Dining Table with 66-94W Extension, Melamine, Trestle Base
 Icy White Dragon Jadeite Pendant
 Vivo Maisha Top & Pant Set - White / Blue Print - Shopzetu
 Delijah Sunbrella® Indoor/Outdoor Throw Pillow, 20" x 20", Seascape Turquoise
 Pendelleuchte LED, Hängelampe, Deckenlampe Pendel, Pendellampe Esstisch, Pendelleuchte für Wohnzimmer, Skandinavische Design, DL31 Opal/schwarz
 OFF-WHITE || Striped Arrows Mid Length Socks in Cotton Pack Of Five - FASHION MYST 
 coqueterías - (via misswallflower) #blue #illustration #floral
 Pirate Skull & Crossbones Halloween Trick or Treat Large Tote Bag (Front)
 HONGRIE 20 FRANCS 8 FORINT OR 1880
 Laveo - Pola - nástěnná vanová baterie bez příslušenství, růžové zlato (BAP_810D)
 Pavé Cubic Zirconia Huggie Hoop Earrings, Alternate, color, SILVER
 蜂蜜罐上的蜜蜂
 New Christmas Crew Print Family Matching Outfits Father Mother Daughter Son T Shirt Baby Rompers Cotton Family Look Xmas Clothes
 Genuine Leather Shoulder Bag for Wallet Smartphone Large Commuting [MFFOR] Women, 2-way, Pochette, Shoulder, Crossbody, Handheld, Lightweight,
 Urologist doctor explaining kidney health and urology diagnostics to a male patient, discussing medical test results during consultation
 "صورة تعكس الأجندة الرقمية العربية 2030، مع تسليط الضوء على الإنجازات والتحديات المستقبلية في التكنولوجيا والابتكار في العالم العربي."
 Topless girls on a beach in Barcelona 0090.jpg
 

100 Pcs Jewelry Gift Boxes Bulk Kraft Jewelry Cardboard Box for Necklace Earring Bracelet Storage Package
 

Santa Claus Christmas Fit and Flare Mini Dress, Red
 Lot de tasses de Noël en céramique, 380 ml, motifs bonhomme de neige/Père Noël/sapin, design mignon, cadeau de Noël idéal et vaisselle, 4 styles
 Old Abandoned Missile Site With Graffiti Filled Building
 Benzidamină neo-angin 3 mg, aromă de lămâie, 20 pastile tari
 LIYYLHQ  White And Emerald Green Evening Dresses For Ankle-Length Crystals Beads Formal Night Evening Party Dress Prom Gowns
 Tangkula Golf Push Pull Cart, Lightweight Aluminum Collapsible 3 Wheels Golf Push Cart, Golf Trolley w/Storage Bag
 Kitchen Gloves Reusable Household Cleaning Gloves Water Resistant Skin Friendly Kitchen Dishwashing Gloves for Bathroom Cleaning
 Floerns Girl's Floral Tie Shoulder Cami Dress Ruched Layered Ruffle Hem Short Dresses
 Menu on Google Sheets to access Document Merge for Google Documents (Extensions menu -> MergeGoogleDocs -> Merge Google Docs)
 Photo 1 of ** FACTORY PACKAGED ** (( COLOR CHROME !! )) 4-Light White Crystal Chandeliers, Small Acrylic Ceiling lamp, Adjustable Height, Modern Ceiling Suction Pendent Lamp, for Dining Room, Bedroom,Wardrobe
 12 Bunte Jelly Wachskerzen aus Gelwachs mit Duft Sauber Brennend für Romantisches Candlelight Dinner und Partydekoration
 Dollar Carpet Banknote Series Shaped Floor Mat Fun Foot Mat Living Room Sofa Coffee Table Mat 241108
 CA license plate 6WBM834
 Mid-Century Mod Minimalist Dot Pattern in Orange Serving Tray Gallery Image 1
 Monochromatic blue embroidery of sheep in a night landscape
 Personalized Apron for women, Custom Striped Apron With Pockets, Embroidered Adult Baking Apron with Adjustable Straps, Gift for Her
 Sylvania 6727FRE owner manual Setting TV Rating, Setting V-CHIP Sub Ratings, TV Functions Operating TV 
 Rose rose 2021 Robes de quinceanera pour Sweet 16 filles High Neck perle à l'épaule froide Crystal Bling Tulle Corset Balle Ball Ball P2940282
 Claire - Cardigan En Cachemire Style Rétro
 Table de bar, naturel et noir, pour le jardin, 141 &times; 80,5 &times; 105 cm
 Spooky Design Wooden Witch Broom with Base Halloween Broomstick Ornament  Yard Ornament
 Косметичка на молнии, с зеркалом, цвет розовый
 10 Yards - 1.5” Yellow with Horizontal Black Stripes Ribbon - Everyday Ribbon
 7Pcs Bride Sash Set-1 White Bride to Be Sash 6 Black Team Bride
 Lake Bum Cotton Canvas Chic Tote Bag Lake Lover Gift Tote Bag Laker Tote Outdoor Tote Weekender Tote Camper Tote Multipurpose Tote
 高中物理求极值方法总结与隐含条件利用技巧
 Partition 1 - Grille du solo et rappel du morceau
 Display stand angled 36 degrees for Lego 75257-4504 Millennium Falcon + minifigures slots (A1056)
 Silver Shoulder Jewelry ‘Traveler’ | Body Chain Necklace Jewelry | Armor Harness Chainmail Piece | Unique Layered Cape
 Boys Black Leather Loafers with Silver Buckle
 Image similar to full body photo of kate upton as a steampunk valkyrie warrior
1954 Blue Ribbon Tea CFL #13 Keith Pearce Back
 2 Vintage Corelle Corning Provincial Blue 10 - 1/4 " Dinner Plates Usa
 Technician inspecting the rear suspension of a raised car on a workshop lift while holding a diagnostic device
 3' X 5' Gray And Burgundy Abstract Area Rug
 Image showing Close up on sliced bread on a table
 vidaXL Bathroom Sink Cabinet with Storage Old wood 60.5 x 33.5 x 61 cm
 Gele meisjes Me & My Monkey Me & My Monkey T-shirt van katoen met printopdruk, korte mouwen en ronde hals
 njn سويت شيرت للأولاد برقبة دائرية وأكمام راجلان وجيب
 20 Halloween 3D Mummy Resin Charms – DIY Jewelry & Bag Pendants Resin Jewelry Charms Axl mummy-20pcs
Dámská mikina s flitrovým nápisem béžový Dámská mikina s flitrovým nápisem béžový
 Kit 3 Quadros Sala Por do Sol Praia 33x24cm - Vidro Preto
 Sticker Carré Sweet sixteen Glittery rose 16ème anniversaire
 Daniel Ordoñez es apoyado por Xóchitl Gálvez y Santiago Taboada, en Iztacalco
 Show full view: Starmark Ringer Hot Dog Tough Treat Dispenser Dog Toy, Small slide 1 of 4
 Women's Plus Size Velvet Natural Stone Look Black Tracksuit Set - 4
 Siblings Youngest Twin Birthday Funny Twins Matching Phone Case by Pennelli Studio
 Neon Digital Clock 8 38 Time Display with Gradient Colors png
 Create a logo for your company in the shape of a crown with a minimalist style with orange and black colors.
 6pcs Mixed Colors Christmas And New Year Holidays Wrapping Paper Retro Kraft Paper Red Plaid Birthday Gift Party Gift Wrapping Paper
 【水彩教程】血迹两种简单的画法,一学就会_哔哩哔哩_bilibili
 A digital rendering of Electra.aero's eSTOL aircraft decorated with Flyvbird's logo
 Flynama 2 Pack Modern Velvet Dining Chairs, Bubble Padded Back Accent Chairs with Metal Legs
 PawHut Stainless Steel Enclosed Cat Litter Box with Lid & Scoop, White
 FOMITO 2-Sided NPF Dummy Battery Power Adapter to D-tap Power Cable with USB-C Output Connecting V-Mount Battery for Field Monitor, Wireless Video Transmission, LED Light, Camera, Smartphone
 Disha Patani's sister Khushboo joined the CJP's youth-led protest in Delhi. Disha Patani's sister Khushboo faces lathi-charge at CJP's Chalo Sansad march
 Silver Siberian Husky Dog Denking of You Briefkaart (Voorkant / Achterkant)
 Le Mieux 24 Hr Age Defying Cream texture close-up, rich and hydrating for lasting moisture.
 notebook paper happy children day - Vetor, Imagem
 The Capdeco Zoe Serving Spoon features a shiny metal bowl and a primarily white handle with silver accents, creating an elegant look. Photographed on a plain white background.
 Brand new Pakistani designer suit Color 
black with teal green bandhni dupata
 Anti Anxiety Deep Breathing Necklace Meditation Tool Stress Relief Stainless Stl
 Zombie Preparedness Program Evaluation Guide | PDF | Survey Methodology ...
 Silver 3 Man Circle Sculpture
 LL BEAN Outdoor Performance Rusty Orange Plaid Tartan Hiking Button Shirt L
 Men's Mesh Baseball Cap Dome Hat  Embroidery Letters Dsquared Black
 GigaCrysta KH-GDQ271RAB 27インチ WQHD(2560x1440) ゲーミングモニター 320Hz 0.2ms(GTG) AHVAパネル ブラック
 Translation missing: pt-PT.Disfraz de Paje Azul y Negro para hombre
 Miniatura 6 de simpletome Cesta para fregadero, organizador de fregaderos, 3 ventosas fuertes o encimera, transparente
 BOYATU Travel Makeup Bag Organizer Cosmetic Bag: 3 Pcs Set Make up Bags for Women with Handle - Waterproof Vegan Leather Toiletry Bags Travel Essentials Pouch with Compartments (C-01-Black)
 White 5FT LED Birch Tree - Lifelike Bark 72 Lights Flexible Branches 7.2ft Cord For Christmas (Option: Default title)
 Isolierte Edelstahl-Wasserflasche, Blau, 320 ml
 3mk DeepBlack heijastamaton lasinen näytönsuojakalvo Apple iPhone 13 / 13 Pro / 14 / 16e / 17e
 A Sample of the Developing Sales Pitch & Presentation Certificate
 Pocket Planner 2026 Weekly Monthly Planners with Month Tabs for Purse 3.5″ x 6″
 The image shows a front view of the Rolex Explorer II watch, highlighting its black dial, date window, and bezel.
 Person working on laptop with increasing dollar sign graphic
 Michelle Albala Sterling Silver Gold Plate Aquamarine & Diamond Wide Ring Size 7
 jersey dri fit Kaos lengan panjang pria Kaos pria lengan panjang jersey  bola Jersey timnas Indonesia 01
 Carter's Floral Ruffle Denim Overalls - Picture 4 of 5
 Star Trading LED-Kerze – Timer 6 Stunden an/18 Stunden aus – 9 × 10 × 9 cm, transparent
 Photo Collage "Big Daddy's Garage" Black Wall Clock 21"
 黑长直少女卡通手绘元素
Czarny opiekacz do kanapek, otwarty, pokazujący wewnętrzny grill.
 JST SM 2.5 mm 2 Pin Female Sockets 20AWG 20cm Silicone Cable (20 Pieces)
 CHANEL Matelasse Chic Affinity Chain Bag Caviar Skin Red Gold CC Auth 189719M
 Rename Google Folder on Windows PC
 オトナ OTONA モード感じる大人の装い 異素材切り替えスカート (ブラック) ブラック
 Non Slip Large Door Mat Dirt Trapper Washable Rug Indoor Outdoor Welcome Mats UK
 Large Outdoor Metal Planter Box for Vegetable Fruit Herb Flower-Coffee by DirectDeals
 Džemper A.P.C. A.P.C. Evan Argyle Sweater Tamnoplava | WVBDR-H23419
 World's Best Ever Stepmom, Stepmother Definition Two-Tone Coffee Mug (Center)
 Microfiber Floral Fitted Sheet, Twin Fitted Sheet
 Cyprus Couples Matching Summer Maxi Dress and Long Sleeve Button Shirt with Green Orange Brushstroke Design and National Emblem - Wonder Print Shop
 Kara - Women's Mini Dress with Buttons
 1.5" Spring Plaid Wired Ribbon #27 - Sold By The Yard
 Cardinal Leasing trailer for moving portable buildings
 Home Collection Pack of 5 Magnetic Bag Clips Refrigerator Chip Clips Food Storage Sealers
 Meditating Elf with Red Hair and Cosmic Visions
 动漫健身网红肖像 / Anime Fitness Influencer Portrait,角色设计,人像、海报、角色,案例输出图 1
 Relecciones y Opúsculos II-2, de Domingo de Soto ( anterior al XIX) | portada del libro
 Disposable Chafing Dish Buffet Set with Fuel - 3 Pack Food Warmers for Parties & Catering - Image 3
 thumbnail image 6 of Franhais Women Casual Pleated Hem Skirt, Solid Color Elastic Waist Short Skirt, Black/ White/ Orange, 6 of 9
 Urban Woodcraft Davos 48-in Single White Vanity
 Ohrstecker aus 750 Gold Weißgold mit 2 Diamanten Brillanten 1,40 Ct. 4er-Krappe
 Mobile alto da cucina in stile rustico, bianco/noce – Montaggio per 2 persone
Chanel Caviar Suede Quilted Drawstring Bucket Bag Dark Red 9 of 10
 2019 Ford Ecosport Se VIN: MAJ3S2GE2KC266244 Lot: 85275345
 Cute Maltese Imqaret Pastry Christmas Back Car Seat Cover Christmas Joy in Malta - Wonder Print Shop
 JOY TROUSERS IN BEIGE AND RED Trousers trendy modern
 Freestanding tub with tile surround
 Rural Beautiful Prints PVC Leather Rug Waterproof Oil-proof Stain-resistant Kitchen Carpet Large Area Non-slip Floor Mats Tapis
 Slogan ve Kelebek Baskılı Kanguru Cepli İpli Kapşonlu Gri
************
Try it: All lines from the one with "Ohrstecker aus 750" onward to the end of the records above should be repeated exactly, and only those lines.

Your response:
 Ohrstecker aus 750 Gold Weißgold mit 2 Diamanten Brillanten 1,40 Ct. 4er-Krappe
 Mobile alto da cucina in stile rustico, bianco/noce – Montaggio per 2 persone
Chanel Caviar Suede Quilted Drawstring Bucket Bag Dark Red 9 of 10
 2019 Ford Ecosport Se VIN: MAJ3S2GE2KC266244 Lot: 85275345
 Cute Maltese Imqaret Pastry Christmas Back Car Seat Cover Christmas Joy in Malta - Wonder Print Shop
 JOY TROUSERS IN BEIGE AND RED Trousers trendy modern
 Freestanding tub with tile surround
 Rural Beautiful Prints PVC Leather Rug Waterproof Oil-proof Stain-resistant Kitchen Carpet Large Area Non-slip Floor Mats Tapis
 Slogan ve Kelebek Baskılı Kanguru Cepli İpli Kapşonlu Gri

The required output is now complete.